Coming at a time when the incoming Biden administration already has a full plate in regards to foreign relations fiascos that need resolution, it is easy enough to ignore the US-Russia situation. Indeed, the new major global rivalry that is spoken of is that of US and China, another serious issue that Biden must address. But it would be foolhardy to discount the value of improving US-Russia relations.
At this moment, it is safe to say that US-Russia relations aren't doing too well. Even before the current US administration and the alleged Russian hack of the DNC before the 2016 elections, Russia and the US had hit several snags in recent years that were firmly aggravated after US sanctions on Russia over the annexation of Crimea.
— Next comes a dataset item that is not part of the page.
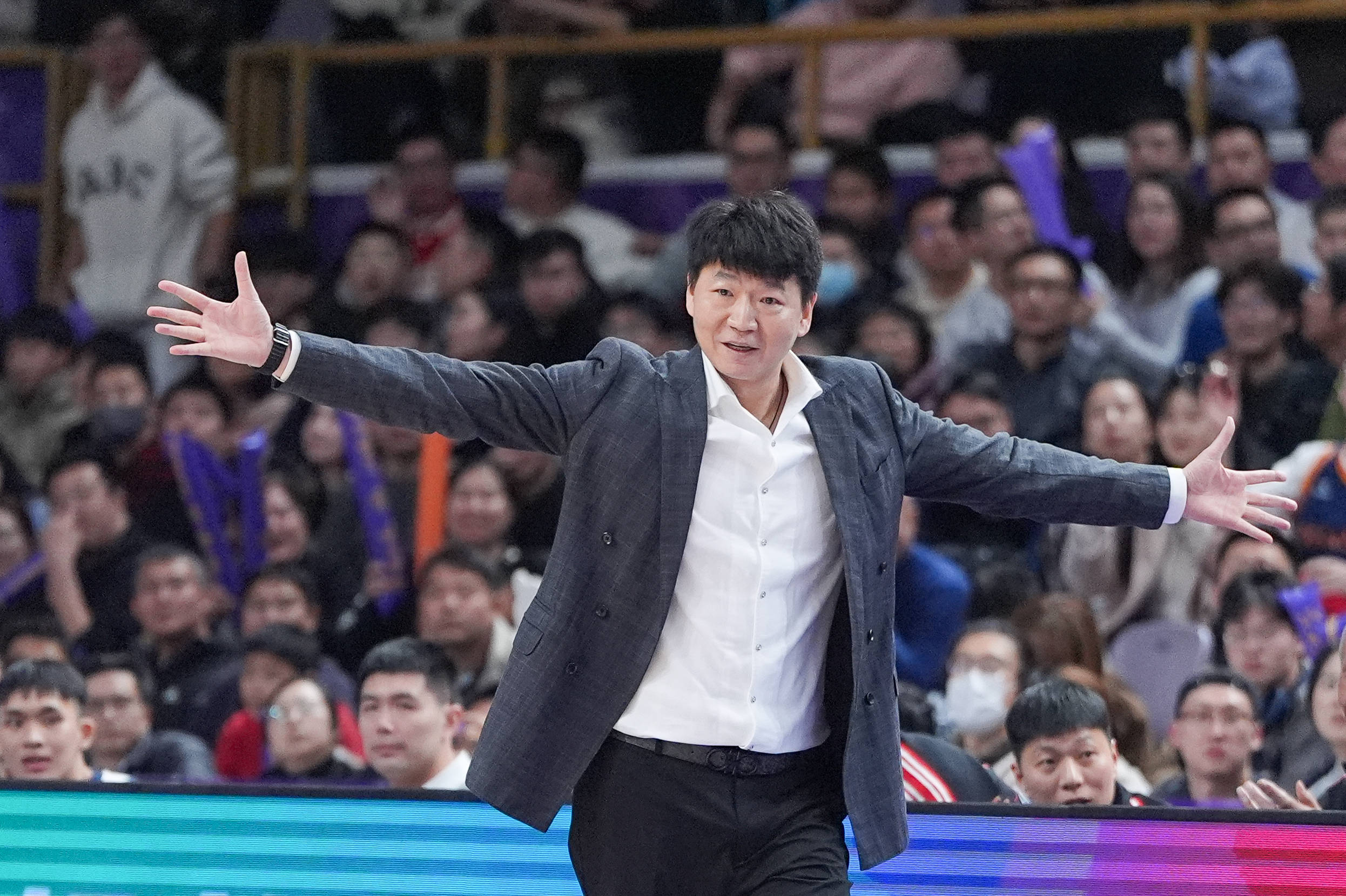 CBA官方：因存在失当行为 山东主帅邱彪停赛2场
US-Russia rivalry in many international theatres has now become a matter of fact, manifested in proxy conflicts between the two powers in arenas such as the Syrian civil war or Venezuela. Allegations over 2016 election interference and the subsequent Mueller investigation of the Trump campaigns Russia links did not help bring the two nations together. Indeed, even as Democratic lawmakers investigated the new administration for every possible Russia link with zeal unseen since the Coldwar days, Putin became an open critic of western democracy and the US in particular. Experts have stated that the erratic foreign policy of the Trump administration made it easier for its rivals such as Russia and China to gain diplomatic ground lost by the US as Trump prioritised a changeable 'America first' policy. But even if Trump unintentionally aided the cause of Russia from time to time, overall, his Presidency did not improve US-Russia relations despite his stated intentions of normalising the fraught relations of the two nations.
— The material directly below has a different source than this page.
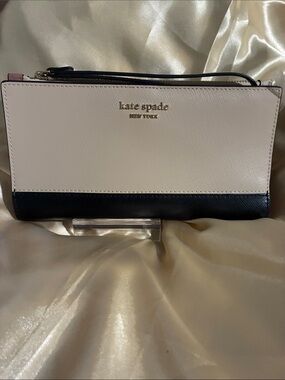 kate spade Two-Tone Black and Cream Saffiano Wristlet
In recent times, a significant cause of concern has been the renewal of the New START Treaty on strategic offensive weapons. The treaty, among other things, limits the number of warheads and launch vehicles fielded by both Russia and the US while also allowing for on-site inspection for compliance. The treaty is set to expire on February 5, 2020, and as of now, there is no concrete plan for negotiating the next stage of the arms control treaty. While Russia called for an unconditional extension of the treaty, the Trump administration expressed interest in adding additional stipulations, the largest of which involves making China a signatory as well. It is hard to overstate just how important the treaty is at this stage. With both Russia and the US pulling out of the 1987 Intermediate-Range Nuclear Forces Treaty, the START Treaty is the only remaining treaty that limits the former rivals from starting a new nuclear arms race. Biden, for his part, has indicated that he is interested in an unconditional extension of the treaty as well though he will have to meet a tight deadline to do so. But the situation remains complicated. The US is increasingly concerned about growing Russia-China ties. Commentators state that both China and Russia have united as proponents of a post-US world where the US no longer reigns supreme. This shared interest is supported by an increasing show of multifaceted cooperation between the two nations in recent years. Biden can ill afford to ignore these growing ties even as he attempts normalisation with both nations. Inevitably, the future will bring more avenues of conflict. Its tensions with China aside, the US will likely have to confront the increasing militarisation of the Arctic by Russia as the melting ice opens a new resource-rich strategic zone.
But all sides must remember the wisdom gained at the end of US-Soviet tensions in the 1980s — that nuclear war is unacceptable and that the arms race can have no rational winner.